I'm working on a project ATM at one of the DoE sites you're likely referring to... Maybe we'll bump into each other!
Ah yes, pytorch:
1) Check issues, PRs, etc on torch Github. Considering market share ROCm has a multiple of the number of open and closed issues. There is still much work to be done for things as basic as overall stability.
2) torch is the bare minimum. Consider flash attention. On CUDA just runs of course with sliding window attention, ALiBi, and PagedAttention. ROCm fork? Nope. Then check out the xFormers situation on ROCm. Prepare to spend your time messing around with ROCm, spelunking GH issues/PRs/blogs, etc and going one by one through frameworks and libraries instead of `pip install` and actually doing your work.
3) Repeat for hundreds of libraries, frameworks, etc depending on your specific use case(s).
Then, once you have a model and need to serve it up for inference so your users can actually make use of it and you can get paid?

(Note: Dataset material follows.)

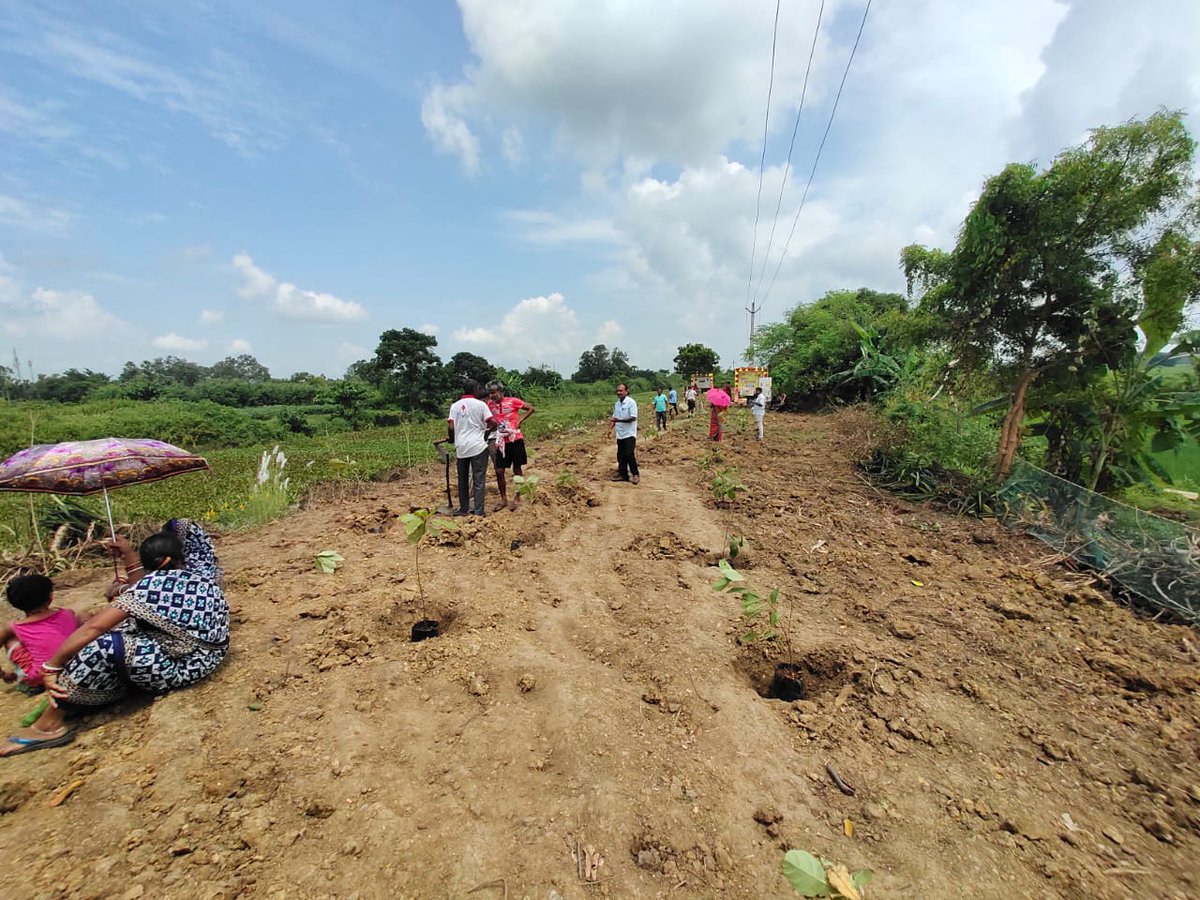 Ek Ped Maa Ke Naam 2.0. under Bahanaga Block. Let every sapling we plant be a tribute to our mothers and a promise for a greener tomorrow@FdOdisha <a href="/OdishaSecretary/">AgriSecyOdisha</a> <a href="/PRDeptOdisha/">Panchayati Raj and Drinking Water Department</a> <a href="/SMEOdisha/">EducationOdisha</a> <a href="/HFWOdisha/">H & FW Dept Odisha</a> <a href="/SSEPD2/">SSEPD</a> <a href="/WCDOdisha/">Department of WCD, Government of Odisha</a>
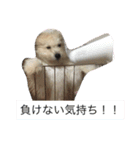 えにぱる（個別スタンプ：2）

With CUDA you can choose between torchserve, HF TEI/TGI, Nvidia Triton Inference Server, vLLM, and a number of others. vLLM has what I would call (at best) "early" support that requires patches to ROCm, isn't feature complete, and regularly has commits to fix yet another show-stopping bug/crash/performance regression/whatever.
Torch support is a good start but it's just that - a start.